İnsan Hakları Derneği (İHD) Roboski İçin Adalet Girişimi, Roboski Katliamı'nın 139’uncu ayına ilişkin şube binası önünde basın açıklaması gerçekleştirdi. Açıklamada, “Katiller bulunsun Roboski asla” pankartı açıldı. Açıklamayı Roboski İçin Adalet Girişimi üyesi Tanju Gündüzalp okudu.

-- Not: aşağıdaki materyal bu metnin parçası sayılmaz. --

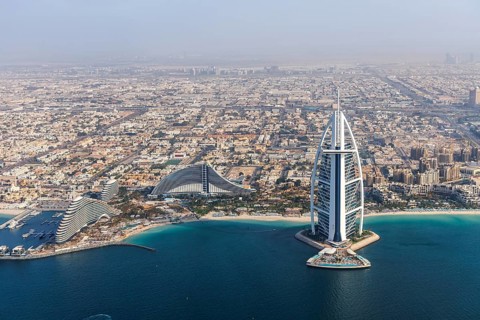 Dubai Burj Al Arab luxury hotel aerial view aerial view by the sea from above in Dubai, United Arab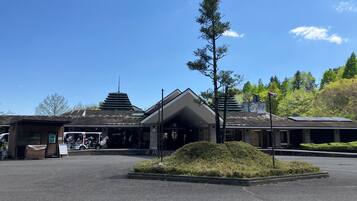 Un edificio con techo inclinado, un área de estacionamiento pequeña y un espacio verde con un árbol.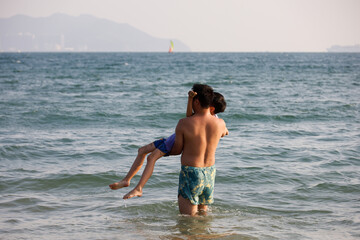 Man carrying the child in sea waves. Concept of water rescue, family holiday and leisure on the beach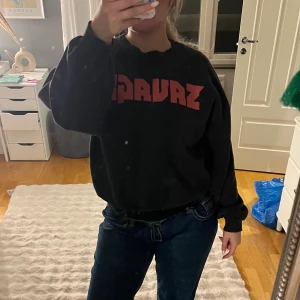 Svart sweatshirt från Gina Tricot - Svart sweatshirt från Gina Tricot med röd text framtill. Tröjan har en avslappnad passform, rund halsringning och långa ärmar med ribbade muddar. Perfekt för en chill och snygg vardagslook.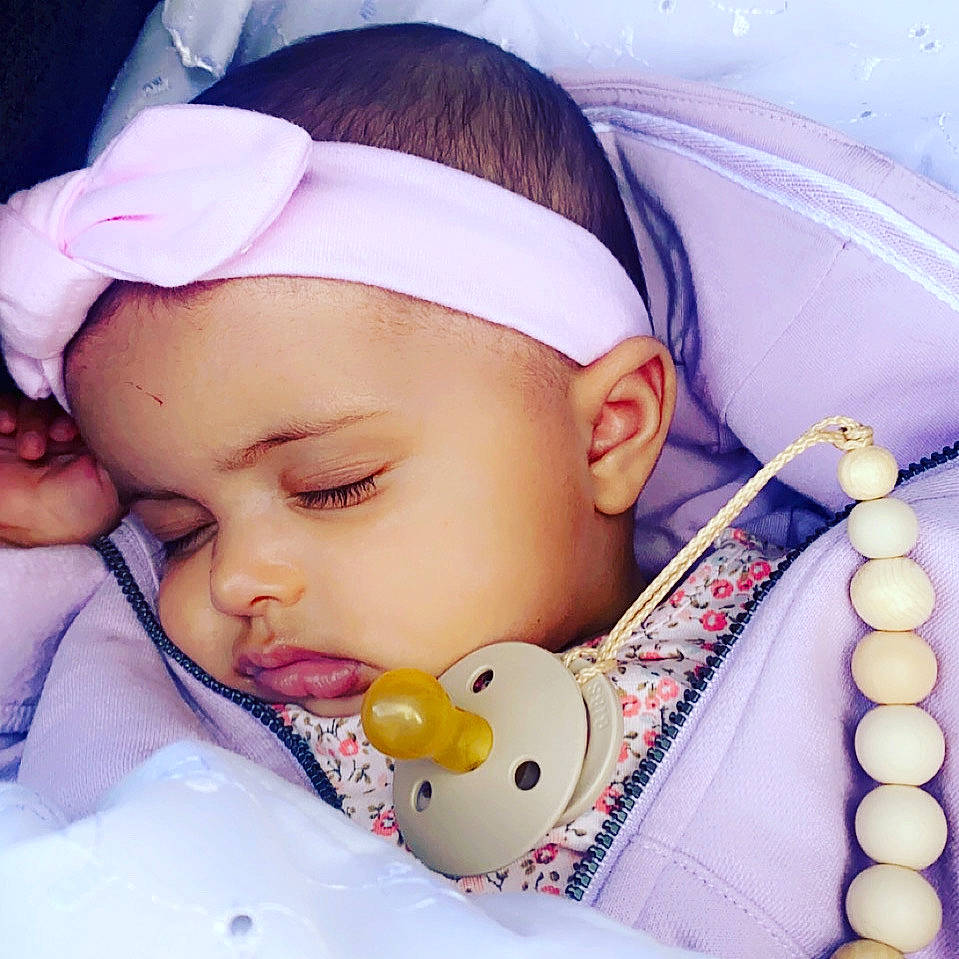 Adley is registered to the contest to win money with this photo: baby_sleeping, cheek, chin, comfort, eye, eyebrow, eyelash, facial_expression, hand, happy, head, headwear, human_body, lip, mouth, neck, nose, organ, person, product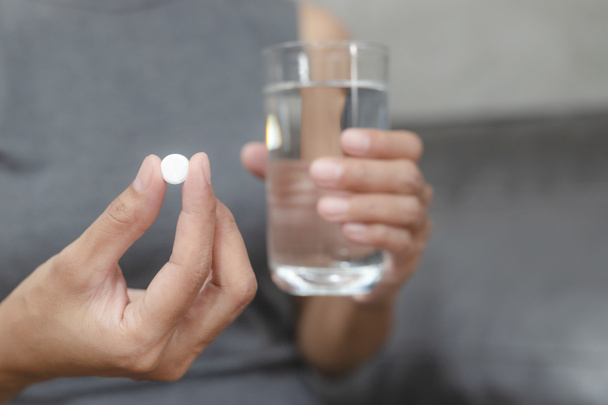 Close-up van de vrouw die pillen inneemt ze giet de pillen uit de fles, het nemen van pijnstiller te verminderen scherpe pijn concept, gezondheidszorg en geneeskunde concept. - Foto, afbeelding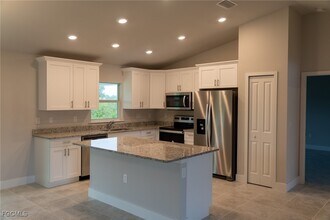 409 Moore Ave in Lehigh Acres, FL - Building Photo - Building Photo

‘604 haftada hukuk ve adalet kayıp’
Roboski’de 19’u çocuk, 34 sivil insanın katledildiği günden bu yana 11 yıl geçtiğini söyleyen Tanju, 139 aydır dinmeyen acıyla birçok ana, bir köy, bir halk, bir toplum hep birlikte adaleti aradığına dikkat çekti. Tanju, “Katliam gecesinden bugüne geçen 604 haftada, hukuk, adalet kayıp, yok ve herkes suspus. Katliamın ardından 4230 gün geçti, meclis komisyonu sakladı, yargı ise gözlerini bantladı. Biz, adaletin sağlanacağı güne kadar burada olacağız her ay. 12 yıla yaklaşan zamanda, kim oldukları bilinen sorumlular yargılanmadığı gibi, ne adalet sağlandı, ne de etkin bir yargılama söz konusu. Ailelerin tek geçim kaynağı, sınır ticareti yapmak için yola çıkmış 34 insanımızın kaderine ölüm, ailelerimizin evine de acı düşürüldü. Cehennemi yaşattınız” dedi.

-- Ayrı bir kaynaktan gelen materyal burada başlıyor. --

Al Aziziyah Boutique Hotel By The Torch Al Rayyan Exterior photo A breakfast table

‘Bugün değilse yarın mutlaka hesabı sorulacak’
Devletin halkını katletmemesi, saldırmaması ve hukuksuzca tutuklamaması gerektiğini dile getiren Tanju, Roboski’nin vicdan sahibi insan olmanın, ortak insani değerlerle barış içinde bir arada yaşamın kurulabilmesinin sembolü ve eşiği olduğuna işaret etti. Tanju, “Yargı, parlamento ve yürütme bu toplumsal sorumluluğunda, 100 yıldır olduğu gibi, kendisinin suça ortak olduğu katliamda cezasızlığın ve adaletsizliğin arkasında durmuştur. Tekrar sesleniyoruz; ‘Ya Roboski halkı başta olmak üzere hepimizin vicdanını rahatlatacak adımları atacaksınız ya da insanlık tarihinin kirli, yüz kızartıcı hafızasında hak ettiğiniz yerde konumlanacaksınız’. Adalet sağlanmadığı sürece de katliamların devam etmeyeceğinin hiçbir garantisi yoktur. Bu 11,5 yılda ne mecliste ne iç hukukta ne de Avrupa İnsan Hakları Mahkemesi (AİHM) sürecinde adalet sağlanmamıştır. Ama biz unutmuyoruz unutturmayacağız ve takip etmeye devam edeceğiz. Gerçek tüm çıplaklığıyla önümüzde, failler ve katliam açık, toplumdan gerçekler saklanmıştır. Hiçbir katliam yargılamadan azade kalmayacaktır. Bugün değilse yarın mutlaka hesabı sorulacak, sorumlu olanlar yargılanacaktır” ifadelerini kullandı.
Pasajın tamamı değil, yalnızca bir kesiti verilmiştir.